◆ **To do**
The expected result is every line of the records, printed exactly.

── Given data ──

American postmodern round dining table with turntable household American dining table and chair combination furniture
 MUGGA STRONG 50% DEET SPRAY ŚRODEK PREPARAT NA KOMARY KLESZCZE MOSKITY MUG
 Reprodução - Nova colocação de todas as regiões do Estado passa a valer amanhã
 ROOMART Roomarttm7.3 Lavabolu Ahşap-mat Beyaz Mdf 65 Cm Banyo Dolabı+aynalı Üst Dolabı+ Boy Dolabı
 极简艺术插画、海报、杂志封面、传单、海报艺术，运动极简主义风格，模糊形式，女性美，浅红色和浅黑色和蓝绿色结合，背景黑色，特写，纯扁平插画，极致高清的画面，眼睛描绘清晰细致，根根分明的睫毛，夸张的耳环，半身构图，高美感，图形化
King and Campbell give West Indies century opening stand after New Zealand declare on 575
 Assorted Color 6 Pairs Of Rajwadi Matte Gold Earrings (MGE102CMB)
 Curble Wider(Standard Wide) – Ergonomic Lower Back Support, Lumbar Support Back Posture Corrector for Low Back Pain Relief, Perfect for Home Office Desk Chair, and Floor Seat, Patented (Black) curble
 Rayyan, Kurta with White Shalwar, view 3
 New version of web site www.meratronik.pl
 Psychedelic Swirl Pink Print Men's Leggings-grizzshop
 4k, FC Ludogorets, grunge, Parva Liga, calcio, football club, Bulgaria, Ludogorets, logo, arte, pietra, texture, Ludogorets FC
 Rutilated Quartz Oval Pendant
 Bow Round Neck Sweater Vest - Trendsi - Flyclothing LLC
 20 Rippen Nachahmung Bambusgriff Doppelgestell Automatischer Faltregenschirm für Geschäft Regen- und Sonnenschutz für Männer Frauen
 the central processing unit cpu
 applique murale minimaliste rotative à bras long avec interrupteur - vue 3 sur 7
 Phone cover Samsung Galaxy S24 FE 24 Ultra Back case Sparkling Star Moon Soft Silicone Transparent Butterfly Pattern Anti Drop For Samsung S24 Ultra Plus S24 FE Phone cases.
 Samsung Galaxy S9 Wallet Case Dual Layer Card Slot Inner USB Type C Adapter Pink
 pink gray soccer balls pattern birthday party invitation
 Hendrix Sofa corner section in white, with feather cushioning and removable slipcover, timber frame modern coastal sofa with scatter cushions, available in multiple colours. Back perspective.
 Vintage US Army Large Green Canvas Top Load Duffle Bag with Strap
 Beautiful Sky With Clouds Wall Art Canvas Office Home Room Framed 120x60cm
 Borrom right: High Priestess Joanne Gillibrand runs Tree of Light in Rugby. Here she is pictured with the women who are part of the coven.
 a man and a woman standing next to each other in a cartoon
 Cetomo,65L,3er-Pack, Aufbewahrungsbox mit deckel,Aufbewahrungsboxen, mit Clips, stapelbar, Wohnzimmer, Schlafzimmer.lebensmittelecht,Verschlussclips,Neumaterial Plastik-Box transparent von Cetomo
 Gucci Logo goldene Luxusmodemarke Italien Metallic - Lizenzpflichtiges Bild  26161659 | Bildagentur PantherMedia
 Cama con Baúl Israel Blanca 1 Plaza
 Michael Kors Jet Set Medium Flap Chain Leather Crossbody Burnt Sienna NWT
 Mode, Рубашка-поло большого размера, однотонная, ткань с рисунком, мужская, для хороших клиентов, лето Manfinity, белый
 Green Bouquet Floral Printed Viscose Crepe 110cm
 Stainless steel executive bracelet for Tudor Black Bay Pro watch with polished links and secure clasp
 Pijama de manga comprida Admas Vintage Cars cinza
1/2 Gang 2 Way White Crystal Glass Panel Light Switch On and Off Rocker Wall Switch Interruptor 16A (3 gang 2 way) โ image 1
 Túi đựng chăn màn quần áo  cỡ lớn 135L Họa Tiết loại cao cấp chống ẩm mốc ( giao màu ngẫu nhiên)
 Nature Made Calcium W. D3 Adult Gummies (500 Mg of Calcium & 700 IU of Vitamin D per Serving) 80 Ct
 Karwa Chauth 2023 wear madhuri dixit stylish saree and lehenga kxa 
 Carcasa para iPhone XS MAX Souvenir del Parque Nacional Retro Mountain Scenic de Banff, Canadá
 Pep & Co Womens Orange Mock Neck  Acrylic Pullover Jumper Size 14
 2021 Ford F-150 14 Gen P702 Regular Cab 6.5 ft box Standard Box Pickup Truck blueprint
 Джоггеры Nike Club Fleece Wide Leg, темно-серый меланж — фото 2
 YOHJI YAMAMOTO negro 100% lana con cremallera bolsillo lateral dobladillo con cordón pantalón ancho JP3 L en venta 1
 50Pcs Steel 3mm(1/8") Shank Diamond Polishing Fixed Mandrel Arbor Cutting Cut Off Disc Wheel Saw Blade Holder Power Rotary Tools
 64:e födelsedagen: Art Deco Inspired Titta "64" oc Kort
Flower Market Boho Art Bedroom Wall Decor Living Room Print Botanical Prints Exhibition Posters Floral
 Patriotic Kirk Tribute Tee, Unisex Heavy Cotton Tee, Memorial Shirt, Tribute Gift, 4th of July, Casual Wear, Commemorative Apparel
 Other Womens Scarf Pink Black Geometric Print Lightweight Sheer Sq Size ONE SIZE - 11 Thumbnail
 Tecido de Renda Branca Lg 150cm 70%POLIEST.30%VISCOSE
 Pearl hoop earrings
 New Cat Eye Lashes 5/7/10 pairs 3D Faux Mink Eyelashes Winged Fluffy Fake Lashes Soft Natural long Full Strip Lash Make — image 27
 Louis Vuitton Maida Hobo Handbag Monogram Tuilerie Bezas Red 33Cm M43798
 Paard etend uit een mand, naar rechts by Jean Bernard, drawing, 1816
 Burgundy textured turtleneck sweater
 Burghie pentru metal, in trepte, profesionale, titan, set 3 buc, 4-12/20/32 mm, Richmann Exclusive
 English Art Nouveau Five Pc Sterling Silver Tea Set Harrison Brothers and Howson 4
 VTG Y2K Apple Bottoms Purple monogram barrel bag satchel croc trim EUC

───

◆ **Output**
American postmodern round dining table with turntable household American dining table and chair combination furniture
 MUGGA STRONG 50% DEET SPRAY ŚRODEK PREPARAT NA KOMARY KLESZCZE MOSKITY MUG
 Reprodução - Nova colocação de todas as regiões do Estado passa a valer amanhã
 ROOMART Roomarttm7.3 Lavabolu Ahşap-mat Beyaz Mdf 65 Cm Banyo Dolabı+aynalı Üst Dolabı+ Boy Dolabı
 极简艺术插画、海报、杂志封面、传单、海报艺术，运动极简主义风格，模糊形式，女性美，浅红色和浅黑色和蓝绿色结合，背景黑色，特写，纯扁平插画，极致高清的画面，眼睛描绘清晰细致，根根分明的睫毛，夸张的耳环，半身构图，高美感，图形化
King and Campbell give West Indies century opening stand after New Zealand declare on 575
 Assorted Color 6 Pairs Of Rajwadi Matte Gold Earrings (MGE102CMB)
 Curble Wider(Standard Wide) – Ergonomic Lower Back Support, Lumbar Support Back Posture Corrector for Low Back Pain Relief, Perfect for Home Office Desk Chair, and Floor Seat, Patented (Black) curble
 Rayyan, Kurta with White Shalwar, view 3
 New version of web site www.meratronik.pl
 Psychedelic Swirl Pink Print Men's Leggings-grizzshop
 4k, FC Ludogorets, grunge, Parva Liga, calcio, football club, Bulgaria, Ludogorets, logo, arte, pietra, texture, Ludogorets FC
 Rutilated Quartz Oval Pendant
 Bow Round Neck Sweater Vest - Trendsi - Flyclothing LLC
 20 Rippen Nachahmung Bambusgriff Doppelgestell Automatischer Faltregenschirm für Geschäft Regen- und Sonnenschutz für Männer Frauen
 the central processing unit cpu
 applique murale minimaliste rotative à bras long avec interrupteur - vue 3 sur 7
 Phone cover Samsung Galaxy S24 FE 24 Ultra Back case Sparkling Star Moon Soft Silicone Transparent Butterfly Pattern Anti Drop For Samsung S24 Ultra Plus S24 FE Phone cases.
 Samsung Galaxy S9 Wallet Case Dual Layer Card Slot Inner USB Type C Adapter Pink
 pink gray soccer balls pattern birthday party invitation
 Hendrix Sofa corner section in white, with feather cushioning and removable slipcover, timber frame modern coastal sofa with scatter cushions, available in multiple colours. Back perspective.
 Vintage US Army Large Green Canvas Top Load Duffle Bag with Strap
 Beautiful Sky With Clouds Wall Art Canvas Office Home Room Framed 120x60cm
 Borrom right: High Priestess Joanne Gillibrand runs Tree of Light in Rugby. Here she is pictured with the women who are part of the coven.
 a man and a woman standing next to each other in a cartoon
 Cetomo,65L,3er-Pack, Aufbewahrungsbox mit deckel,Aufbewahrungsboxen, mit Clips, stapelbar, Wohnzimmer, Schlafzimmer.lebensmittelecht,Verschlussclips,Neumaterial Plastik-Box transparent von Cetomo
 Gucci Logo goldene Luxusmodemarke Italien Metallic - Lizenzpflichtiges Bild  26161659 | Bildagentur PantherMedia
 Cama con Baúl Israel Blanca 1 Plaza
 Michael Kors Jet Set Medium Flap Chain Leather Crossbody Burnt Sienna NWT
 Mode, Рубашка-поло большого размера, однотонная, ткань с рисунком, мужская, для хороших клиентов, лето Manfinity, белый
 Green Bouquet Floral Printed Viscose Crepe 110cm
 Stainless steel executive bracelet for Tudor Black Bay Pro watch with polished links and secure clasp
 Pijama de manga comprida Admas Vintage Cars cinza
1/2 Gang 2 Way White Crystal Glass Panel Light Switch On and Off Rocker Wall Switch Interruptor 16A (3 gang 2 way) โ image 1
 Túi đựng chăn màn quần áo  cỡ lớn 135L Họa Tiết loại cao cấp chống ẩm mốc ( giao màu ngẫu nhiên)
 Nature Made Calcium W. D3 Adult Gummies (500 Mg of Calcium & 700 IU of Vitamin D per Serving) 80 Ct
 Karwa Chauth 2023 wear madhuri dixit stylish saree and lehenga kxa 
 Carcasa para iPhone XS MAX Souvenir del Parque Nacional Retro Mountain Scenic de Banff, Canadá
 Pep & Co Womens Orange Mock Neck  Acrylic Pullover Jumper Size 14
 2021 Ford F-150 14 Gen P702 Regular Cab 6.5 ft box Standard Box Pickup Truck blueprint
 Джоггеры Nike Club Fleece Wide Leg, темно-серый меланж — фото 2
 YOHJI YAMAMOTO negro 100% lana con cremallera bolsillo lateral dobladillo con cordón pantalón ancho JP3 L en venta 1
 50Pcs Steel 3mm(1/8") Shank Diamond Polishing Fixed Mandrel Arbor Cutting Cut Off Disc Wheel Saw Blade Holder Power Rotary Tools
 64:e födelsedagen: Art Deco Inspired Titta "64" oc Kort
Flower Market Boho Art Bedroom Wall Decor Living Room Print Botanical Prints Exhibition Posters Floral
 Patriotic Kirk Tribute Tee, Unisex Heavy Cotton Tee, Memorial Shirt, Tribute Gift, 4th of July, Casual Wear, Commemorative Apparel
 Other Womens Scarf Pink Black Geometric Print Lightweight Sheer Sq Size ONE SIZE - 11 Thumbnail
 Tecido de Renda Branca Lg 150cm 70%POLIEST.30%VISCOSE
 Pearl hoop earrings
 New Cat Eye Lashes 5/7/10 pairs 3D Faux Mink Eyelashes Winged Fluffy Fake Lashes Soft Natural long Full Strip Lash Make — image 27
 Louis Vuitton Maida Hobo Handbag Monogram Tuilerie Bezas Red 33Cm M43798
 Paard etend uit een mand, naar rechts by Jean Bernard, drawing, 1816
 Burgundy textured turtleneck sweater
 Burghie pentru metal, in trepte, profesionale, titan, set 3 buc, 4-12/20/32 mm, Richmann Exclusive
 English Art Nouveau Five Pc Sterling Silver Tea Set Harrison Brothers and Howson 4
 VTG Y2K Apple Bottoms Purple monogram barrel bag satchel croc trim EUC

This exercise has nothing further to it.